## What is needed
Please copy out the entries below exactly, beginning with the line that contains "Maruti Suzuki Brezza" and ending with the line that contains "AUDI Q5 2.0", and include nothing outside that span.

Short text fragments from websites:
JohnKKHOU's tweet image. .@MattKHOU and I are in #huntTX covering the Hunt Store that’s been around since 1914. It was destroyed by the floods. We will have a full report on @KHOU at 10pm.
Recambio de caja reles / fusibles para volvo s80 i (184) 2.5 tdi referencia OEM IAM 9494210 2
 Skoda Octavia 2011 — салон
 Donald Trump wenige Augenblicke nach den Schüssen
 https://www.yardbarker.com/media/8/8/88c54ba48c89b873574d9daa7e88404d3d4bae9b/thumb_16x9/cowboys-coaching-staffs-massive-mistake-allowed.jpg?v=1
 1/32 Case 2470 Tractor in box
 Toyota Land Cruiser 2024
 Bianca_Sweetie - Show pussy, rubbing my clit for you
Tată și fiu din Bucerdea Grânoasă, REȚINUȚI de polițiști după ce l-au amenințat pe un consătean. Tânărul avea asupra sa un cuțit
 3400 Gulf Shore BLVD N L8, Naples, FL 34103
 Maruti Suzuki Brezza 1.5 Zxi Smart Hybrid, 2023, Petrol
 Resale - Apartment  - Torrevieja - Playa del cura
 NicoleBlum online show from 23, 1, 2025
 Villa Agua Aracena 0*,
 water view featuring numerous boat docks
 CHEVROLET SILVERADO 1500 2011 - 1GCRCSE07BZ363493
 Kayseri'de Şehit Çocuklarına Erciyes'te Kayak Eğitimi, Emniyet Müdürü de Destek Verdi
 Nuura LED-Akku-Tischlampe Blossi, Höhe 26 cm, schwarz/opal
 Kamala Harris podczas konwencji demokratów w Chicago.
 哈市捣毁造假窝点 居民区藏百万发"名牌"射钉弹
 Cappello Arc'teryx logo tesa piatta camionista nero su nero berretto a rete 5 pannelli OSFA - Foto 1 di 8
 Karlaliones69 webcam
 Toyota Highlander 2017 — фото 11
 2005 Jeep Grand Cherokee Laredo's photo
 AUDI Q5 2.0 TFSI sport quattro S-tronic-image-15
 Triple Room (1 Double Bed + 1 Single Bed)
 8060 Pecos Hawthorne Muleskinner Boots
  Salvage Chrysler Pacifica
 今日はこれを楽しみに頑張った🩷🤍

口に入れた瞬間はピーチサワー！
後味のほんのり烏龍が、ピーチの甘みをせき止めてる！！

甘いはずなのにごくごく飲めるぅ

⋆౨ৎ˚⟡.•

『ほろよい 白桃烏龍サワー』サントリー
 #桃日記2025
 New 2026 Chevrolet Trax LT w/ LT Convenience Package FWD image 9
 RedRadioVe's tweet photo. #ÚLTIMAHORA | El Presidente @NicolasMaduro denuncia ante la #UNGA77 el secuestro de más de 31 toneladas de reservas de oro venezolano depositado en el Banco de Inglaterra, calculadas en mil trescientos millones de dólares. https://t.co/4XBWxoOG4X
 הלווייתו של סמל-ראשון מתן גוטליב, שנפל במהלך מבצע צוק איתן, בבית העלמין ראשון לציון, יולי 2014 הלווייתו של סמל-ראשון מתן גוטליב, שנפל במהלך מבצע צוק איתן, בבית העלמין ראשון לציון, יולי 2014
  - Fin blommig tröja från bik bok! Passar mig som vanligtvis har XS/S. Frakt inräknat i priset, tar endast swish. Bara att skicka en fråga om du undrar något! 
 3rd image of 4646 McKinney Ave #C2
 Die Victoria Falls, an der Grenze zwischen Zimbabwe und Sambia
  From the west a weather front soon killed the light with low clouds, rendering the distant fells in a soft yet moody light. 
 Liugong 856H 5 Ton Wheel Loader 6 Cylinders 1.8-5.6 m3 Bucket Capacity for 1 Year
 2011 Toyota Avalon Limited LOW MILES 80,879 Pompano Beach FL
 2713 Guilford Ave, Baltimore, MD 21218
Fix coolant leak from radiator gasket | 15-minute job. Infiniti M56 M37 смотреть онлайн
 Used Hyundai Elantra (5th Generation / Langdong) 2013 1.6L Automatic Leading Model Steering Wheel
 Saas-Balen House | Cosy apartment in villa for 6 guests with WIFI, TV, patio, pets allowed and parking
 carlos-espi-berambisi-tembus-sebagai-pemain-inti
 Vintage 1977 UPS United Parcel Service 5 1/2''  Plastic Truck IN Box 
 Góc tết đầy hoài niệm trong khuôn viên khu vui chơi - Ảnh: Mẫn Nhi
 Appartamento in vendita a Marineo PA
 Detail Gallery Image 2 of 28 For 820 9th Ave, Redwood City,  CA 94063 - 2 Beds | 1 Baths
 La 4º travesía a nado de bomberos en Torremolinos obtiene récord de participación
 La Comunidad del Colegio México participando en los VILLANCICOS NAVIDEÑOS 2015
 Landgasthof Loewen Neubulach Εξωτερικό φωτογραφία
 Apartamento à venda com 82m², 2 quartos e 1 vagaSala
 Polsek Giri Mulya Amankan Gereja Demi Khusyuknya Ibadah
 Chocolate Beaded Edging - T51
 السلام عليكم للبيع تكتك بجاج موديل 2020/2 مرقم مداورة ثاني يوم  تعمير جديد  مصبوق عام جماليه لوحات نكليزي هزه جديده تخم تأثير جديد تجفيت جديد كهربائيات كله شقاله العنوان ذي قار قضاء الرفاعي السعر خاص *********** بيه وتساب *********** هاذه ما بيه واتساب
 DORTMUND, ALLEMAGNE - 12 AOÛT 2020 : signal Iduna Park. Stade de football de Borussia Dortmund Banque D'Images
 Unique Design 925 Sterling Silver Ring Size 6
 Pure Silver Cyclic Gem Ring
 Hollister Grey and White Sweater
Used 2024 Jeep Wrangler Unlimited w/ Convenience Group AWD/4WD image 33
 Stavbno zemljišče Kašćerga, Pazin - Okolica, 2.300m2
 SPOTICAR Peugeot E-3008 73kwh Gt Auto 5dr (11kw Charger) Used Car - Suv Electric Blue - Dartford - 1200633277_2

## Finished task
 Maruti Suzuki Brezza 1.5 Zxi Smart Hybrid, 2023, Petrol
 Resale - Apartment  - Torrevieja - Playa del cura
 NicoleBlum online show from 23, 1, 2025
 Villa Agua Aracena 0*,
 water view featuring numerous boat docks
 CHEVROLET SILVERADO 1500 2011 - 1GCRCSE07BZ363493
 Kayseri'de Şehit Çocuklarına Erciyes'te Kayak Eğitimi, Emniyet Müdürü de Destek Verdi
 Nuura LED-Akku-Tischlampe Blossi, Höhe 26 cm, schwarz/opal
 Kamala Harris podczas konwencji demokratów w Chicago.
 哈市捣毁造假窝点 居民区藏百万发"名牌"射钉弹
 Cappello Arc'teryx logo tesa piatta camionista nero su nero berretto a rete 5 pannelli OSFA - Foto 1 di 8
 Karlaliones69 webcam
 Toyota Highlander 2017 — фото 11
 2005 Jeep Grand Cherokee Laredo's photo
 AUDI Q5 2.0 TFSI sport quattro S-tronic-image-15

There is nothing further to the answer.